# EXERCISE
A word-for-word copy of the lines from the one holding "A Falcon 9 rocket" through the final line of the records below is the only output asked for.

Entries taken from a collection:
—————
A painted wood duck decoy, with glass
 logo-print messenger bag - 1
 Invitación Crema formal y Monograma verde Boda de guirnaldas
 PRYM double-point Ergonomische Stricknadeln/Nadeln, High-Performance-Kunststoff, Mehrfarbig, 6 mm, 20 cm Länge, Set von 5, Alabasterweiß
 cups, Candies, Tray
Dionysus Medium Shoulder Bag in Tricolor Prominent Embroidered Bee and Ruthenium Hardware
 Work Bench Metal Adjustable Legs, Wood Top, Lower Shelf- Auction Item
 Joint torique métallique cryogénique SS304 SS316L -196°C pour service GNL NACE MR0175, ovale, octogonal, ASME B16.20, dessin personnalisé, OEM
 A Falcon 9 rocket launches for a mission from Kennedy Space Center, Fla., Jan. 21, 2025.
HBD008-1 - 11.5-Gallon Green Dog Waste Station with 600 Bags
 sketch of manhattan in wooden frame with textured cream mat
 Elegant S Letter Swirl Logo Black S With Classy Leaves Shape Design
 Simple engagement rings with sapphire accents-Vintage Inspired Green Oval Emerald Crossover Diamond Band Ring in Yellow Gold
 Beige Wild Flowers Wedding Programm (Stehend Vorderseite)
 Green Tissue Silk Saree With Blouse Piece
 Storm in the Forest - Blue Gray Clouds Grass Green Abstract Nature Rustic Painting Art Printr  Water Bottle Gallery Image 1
—————
# EXERCISE RESULT
 A Falcon 9 rocket launches for a mission from Kennedy Space Center, Fla., Jan. 21, 2025.
HBD008-1 - 11.5-Gallon Green Dog Waste Station with 600 Bags
 sketch of manhattan in wooden frame with textured cream mat
 Elegant S Letter Swirl Logo Black S With Classy Leaves Shape Design
 Simple engagement rings with sapphire accents-Vintage Inspired Green Oval Emerald Crossover Diamond Band Ring in Yellow Gold
 Beige Wild Flowers Wedding Programm (Stehend Vorderseite)
 Green Tissue Silk Saree With Blouse Piece
 Storm in the Forest - Blue Gray Clouds Grass Green Abstract Nature Rustic Painting Art Printr  Water Bottle Gallery Image 1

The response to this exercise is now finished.